[Crawled caption data]
☆ ☆ ☆ ☆

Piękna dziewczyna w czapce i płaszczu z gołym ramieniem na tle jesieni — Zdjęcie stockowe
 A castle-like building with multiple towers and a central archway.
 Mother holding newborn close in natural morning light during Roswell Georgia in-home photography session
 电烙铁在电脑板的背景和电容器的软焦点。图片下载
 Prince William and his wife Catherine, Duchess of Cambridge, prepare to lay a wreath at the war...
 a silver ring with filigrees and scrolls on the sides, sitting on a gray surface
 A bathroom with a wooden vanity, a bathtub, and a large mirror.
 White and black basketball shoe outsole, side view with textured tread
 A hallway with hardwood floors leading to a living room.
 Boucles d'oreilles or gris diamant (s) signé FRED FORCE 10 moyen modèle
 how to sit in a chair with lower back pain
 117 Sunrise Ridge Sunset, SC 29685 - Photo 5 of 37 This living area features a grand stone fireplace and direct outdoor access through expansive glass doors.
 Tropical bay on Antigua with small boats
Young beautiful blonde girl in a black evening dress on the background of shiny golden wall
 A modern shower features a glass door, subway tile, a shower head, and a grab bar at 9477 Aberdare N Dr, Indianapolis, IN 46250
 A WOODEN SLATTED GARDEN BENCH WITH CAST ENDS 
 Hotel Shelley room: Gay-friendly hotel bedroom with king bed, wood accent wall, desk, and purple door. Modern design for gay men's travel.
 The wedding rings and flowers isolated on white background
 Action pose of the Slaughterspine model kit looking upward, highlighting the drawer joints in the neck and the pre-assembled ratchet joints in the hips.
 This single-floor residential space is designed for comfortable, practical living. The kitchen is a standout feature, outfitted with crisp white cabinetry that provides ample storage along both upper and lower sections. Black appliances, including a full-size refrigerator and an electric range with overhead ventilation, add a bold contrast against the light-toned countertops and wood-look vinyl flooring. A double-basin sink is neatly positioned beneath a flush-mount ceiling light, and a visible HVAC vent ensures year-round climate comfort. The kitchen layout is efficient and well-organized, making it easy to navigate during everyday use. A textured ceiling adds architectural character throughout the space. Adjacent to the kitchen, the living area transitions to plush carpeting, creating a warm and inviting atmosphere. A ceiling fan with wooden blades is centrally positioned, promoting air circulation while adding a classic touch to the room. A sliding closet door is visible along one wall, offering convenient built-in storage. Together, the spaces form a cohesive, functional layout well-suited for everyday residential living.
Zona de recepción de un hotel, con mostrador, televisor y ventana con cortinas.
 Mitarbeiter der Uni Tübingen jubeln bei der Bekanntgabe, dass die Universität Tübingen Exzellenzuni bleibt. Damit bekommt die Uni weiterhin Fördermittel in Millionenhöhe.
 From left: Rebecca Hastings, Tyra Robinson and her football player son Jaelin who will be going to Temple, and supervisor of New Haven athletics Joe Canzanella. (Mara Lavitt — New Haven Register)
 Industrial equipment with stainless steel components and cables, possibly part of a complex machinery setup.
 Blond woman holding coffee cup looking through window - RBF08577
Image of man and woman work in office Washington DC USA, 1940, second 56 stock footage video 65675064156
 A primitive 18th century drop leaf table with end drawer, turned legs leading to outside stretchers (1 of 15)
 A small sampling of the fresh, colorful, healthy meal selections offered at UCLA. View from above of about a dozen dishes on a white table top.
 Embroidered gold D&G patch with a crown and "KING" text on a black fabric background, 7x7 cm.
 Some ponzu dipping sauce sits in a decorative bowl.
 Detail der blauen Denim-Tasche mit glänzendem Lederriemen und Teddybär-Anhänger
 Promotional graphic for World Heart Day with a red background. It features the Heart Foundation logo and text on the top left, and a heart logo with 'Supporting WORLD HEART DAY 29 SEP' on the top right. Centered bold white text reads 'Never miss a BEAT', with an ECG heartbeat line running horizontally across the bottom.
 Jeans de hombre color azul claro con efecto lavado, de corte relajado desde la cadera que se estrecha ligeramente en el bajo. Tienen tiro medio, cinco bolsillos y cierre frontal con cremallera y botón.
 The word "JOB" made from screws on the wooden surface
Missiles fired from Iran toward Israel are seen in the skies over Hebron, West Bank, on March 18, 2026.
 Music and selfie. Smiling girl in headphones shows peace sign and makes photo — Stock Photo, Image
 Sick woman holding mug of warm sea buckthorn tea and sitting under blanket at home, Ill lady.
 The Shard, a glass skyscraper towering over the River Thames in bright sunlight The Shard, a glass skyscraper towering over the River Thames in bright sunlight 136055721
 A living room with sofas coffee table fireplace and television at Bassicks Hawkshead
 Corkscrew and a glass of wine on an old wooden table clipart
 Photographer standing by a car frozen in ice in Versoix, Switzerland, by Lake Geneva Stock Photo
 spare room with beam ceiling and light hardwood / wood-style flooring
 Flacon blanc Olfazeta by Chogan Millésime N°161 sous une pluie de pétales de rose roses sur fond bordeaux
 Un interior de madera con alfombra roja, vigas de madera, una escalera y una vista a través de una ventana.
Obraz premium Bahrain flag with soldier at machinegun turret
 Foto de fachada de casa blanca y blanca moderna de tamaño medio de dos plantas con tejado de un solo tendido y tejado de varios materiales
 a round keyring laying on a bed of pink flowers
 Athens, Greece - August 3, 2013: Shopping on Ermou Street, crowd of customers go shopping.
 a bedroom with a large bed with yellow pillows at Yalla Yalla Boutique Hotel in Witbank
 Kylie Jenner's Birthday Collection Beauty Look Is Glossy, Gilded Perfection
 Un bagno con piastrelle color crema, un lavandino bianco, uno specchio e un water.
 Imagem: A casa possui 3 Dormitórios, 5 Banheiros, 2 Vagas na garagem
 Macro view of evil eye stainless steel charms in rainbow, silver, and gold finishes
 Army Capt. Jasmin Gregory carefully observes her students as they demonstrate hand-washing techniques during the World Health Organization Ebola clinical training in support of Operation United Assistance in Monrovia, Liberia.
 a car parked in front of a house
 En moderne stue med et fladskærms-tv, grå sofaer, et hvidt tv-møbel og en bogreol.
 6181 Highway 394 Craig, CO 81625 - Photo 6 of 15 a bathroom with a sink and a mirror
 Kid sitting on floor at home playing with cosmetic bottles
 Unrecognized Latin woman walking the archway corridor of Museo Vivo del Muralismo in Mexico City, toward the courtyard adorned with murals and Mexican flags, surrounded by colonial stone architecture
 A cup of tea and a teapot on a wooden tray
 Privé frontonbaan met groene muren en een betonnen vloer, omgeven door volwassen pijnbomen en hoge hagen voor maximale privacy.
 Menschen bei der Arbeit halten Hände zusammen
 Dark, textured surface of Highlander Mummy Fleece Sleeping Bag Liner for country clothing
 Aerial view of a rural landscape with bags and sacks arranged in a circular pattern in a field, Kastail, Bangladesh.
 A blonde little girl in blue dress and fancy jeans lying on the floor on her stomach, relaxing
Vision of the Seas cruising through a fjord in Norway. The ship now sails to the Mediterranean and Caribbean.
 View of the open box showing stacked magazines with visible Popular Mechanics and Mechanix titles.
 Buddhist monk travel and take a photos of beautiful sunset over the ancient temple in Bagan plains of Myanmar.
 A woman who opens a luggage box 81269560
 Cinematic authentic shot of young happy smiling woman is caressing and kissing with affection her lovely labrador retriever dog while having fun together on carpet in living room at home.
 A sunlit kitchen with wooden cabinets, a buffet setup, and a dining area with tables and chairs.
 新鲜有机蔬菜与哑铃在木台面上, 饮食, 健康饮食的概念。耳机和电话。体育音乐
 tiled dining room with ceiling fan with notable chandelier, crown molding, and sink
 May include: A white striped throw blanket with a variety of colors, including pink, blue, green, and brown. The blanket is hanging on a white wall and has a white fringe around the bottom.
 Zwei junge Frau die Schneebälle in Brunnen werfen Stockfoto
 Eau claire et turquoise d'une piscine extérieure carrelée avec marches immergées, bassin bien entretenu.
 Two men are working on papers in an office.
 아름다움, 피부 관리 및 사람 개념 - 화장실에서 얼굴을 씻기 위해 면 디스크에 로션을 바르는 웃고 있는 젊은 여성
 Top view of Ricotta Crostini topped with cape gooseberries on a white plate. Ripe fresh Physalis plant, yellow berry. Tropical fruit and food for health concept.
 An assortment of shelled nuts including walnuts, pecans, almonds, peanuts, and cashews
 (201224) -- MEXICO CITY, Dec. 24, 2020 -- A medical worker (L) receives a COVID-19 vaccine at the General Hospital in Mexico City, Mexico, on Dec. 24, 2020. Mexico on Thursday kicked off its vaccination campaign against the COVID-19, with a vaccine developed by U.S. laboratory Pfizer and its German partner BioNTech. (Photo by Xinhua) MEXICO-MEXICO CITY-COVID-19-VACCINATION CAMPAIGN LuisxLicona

☆ ☆ ☆ ☆

§ Directions
In the data above, find the line that contains "Prince William and", then reproduce exactly every line from the first line through that line.

§ Finished task
Piękna dziewczyna w czapce i płaszczu z gołym ramieniem na tle jesieni — Zdjęcie stockowe
 A castle-like building with multiple towers and a central archway.
 Mother holding newborn close in natural morning light during Roswell Georgia in-home photography session
 电烙铁在电脑板的背景和电容器的软焦点。图片下载
 Prince William and his wife Catherine, Duchess of Cambridge, prepare to lay a wreath at the war...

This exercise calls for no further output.